▸ DATA TO EXAMINE:
----------------------------------------

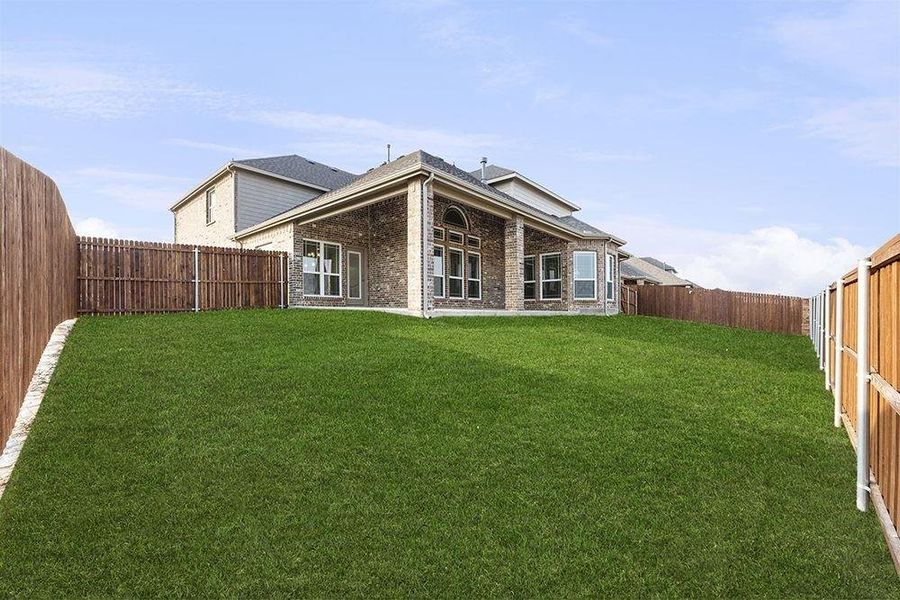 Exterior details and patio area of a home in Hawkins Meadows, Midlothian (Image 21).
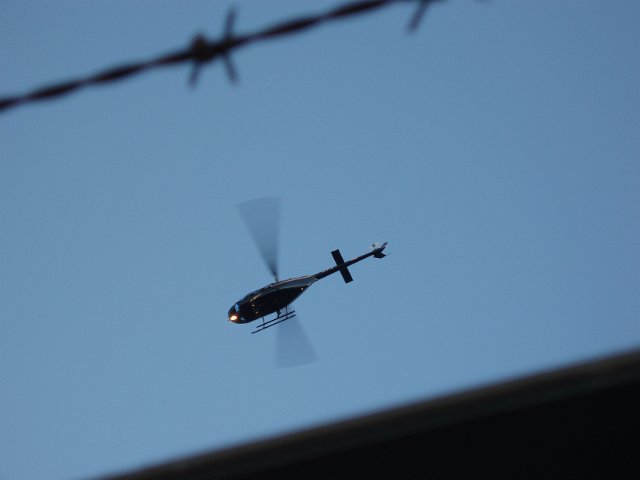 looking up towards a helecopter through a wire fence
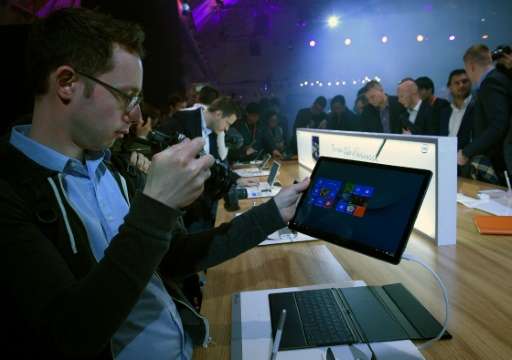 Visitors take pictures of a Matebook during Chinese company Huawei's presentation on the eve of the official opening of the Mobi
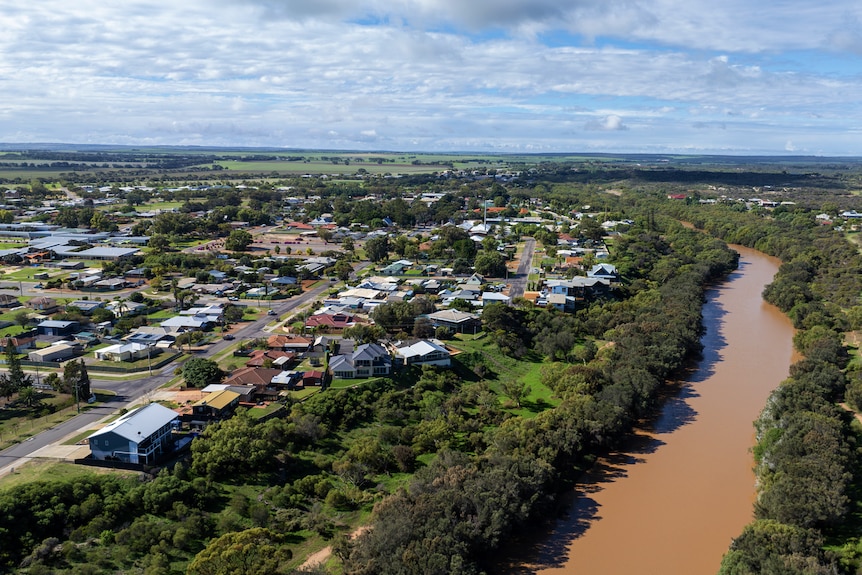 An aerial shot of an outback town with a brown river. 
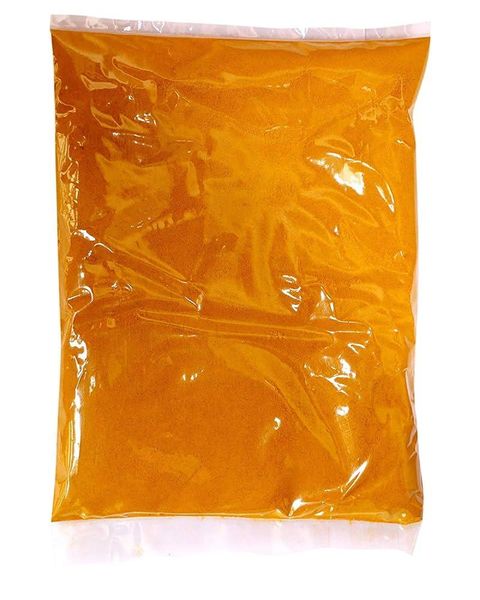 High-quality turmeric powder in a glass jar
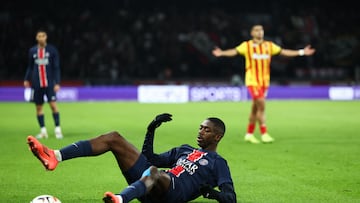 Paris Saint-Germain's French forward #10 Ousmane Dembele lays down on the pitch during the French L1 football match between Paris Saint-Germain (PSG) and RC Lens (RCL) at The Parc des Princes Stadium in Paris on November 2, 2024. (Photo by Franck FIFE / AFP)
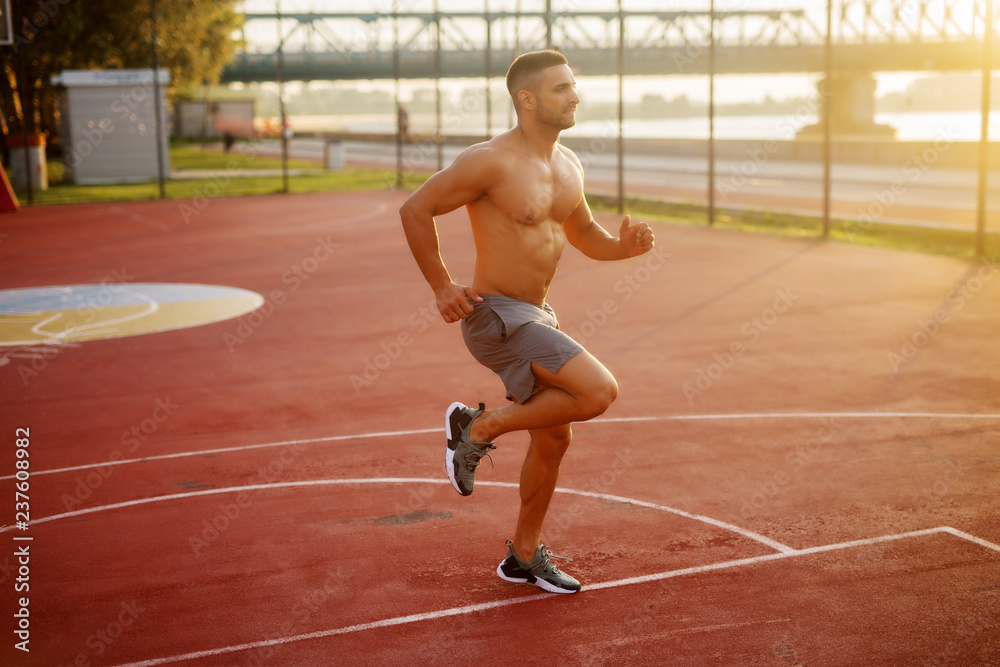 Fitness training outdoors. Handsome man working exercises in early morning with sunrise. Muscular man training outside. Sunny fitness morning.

----------------------------------------

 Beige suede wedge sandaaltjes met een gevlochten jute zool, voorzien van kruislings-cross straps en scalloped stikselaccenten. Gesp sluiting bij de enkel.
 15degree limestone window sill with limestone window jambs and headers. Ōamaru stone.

----------------------------------------

Whatever else the listing above holds, retype exactly only the lines from the one containing "Beige suede wedge" to the one containing "15degree limestone window", both ends kept.

 Beige suede wedge sandaaltjes met een gevlochten jute zool, voorzien van kruislings-cross straps en scalloped stikselaccenten. Gesp sluiting bij de enkel.
 15degree limestone window sill with limestone window jambs and headers. Ōamaru stone.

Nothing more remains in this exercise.